Zuletzt wurden im August 2016 fünfzehn weitere Bücher an das Missionswerk restituiert. Diese waren während des Krieges an das „Reichsinstitut für Geschichte des neuen Deutschlands“ weitergegeben worden. Seit 1936 besaß das Reichsinstitut eine Forschungsabteilung zur „Judenfrage“, welche vor allem nationalsozialistisches, pseudowissenschaftliches Propagandamaterial herausgab. Nach Ende des Krieges kamen die betreffenden Bücher erst 1982 zurück in den Besitz der Staatsbibliothek.

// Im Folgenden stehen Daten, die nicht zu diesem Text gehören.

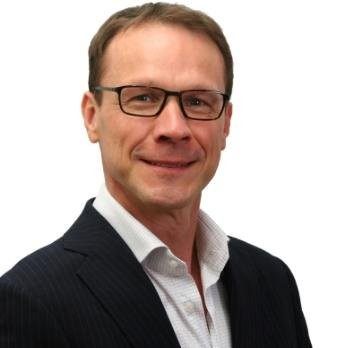 Jan van Veen, Founder & Managing Director at moreMomentum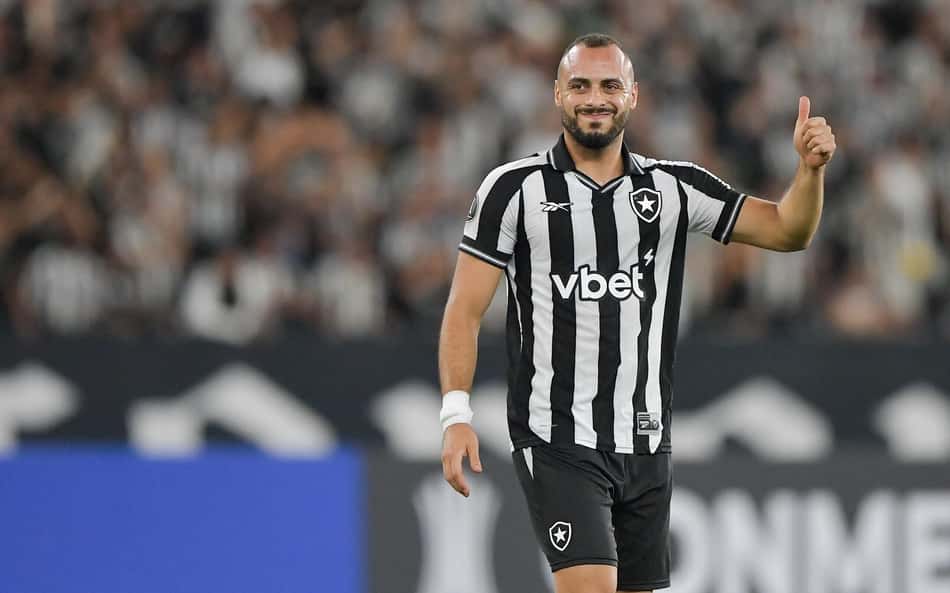 Corinthians aprova Arthur Cabral, mas mantém cautela por 'equilíbrio financeiro'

Die ca. 400 restituierten Bücher stehen heute im Magazin der gemeinsamen Bibliothek der Evangelischen Kirche Berlin-Brandenburg-schlesische Oberlausitz und des Berliner Missionswerks in Berlin Friedrichshain. Der Großteil jedoch gilt als verloren, wurde wahrscheinlich im Kriege zerstört, zumindest aber auseinandergerissen und weit über das Land verteilt.[10] Mit dem Verlust der Bibliothek ist auch viel Wissen über die damalige Vereinigung und ihre Arbeit verloren gegangen. Durch die Bestände der Bibliothek ließe sich ablesen, mit welchen Themen sich die „Gesellschaft“ befasste, welche Schwerpunkte sie in ihrer Arbeit setzte, aber auch, welche Inhalte sie außerhalb der Judenmission beschäftigte. So überrascht noch heute die Diversität der verbliebenen Bestände. Sie zeigt auf, dass sich die „Gesellschaft“ auch mit der politischen Lage der Juden:Jüdinnen in Europa auseinandersetze, zeitgenössische Abhandlungen über das Juden- und Christentum und philosophische und praktische Auseinandersetzungen mit dem Zionismus besaß. Darüber hinaus beschäftigte sie sich auch mit Palästina als religiöser Heimatstädte für Juden:Jüdinnen und Christen:Christinnen. Der Bestand beeindruckt auch heute noch mit umfangreichen Materialien für die Judenmission, so sticht zum Beispiel ein Neues Testament heraus, welches auf Jiddisch übersetzt wurde. Auch umfasst die Bibliothek Lehrbücher, die extra für den Taufunterricht jüdischer Taufanwärter:innen verfasst wurden. Dass der Verein die Restitution einiger seiner Bibliotheksbestände nicht mehr miterlebte, zeigt auf, wie langwierig solche Verfahren sein können. Gleichzeitig beteht aber auch Hoffnung, dass in Zukunft noch weitere Bücher der ehemaligen Messiaskapelle entdeckt werden können. Da die „Gesellschaft“ heute nicht mehr besteht, kann sie auch ihren Verlust der Bibliothek nicht mehr anklagen und auch keine weiteren Recherchen zum Verbleib der Bücher anstellen. An dieser Stelle ist der Einsatz von engagierten Einzelpersonen und Institutionen gefragt, um nicht zuletzt das bis ins 21. Jahrhundert bestehende Unrecht aus der Zeit des Nationalsozialismus aufdecken und im möglichen Umfang beseitigen zu können.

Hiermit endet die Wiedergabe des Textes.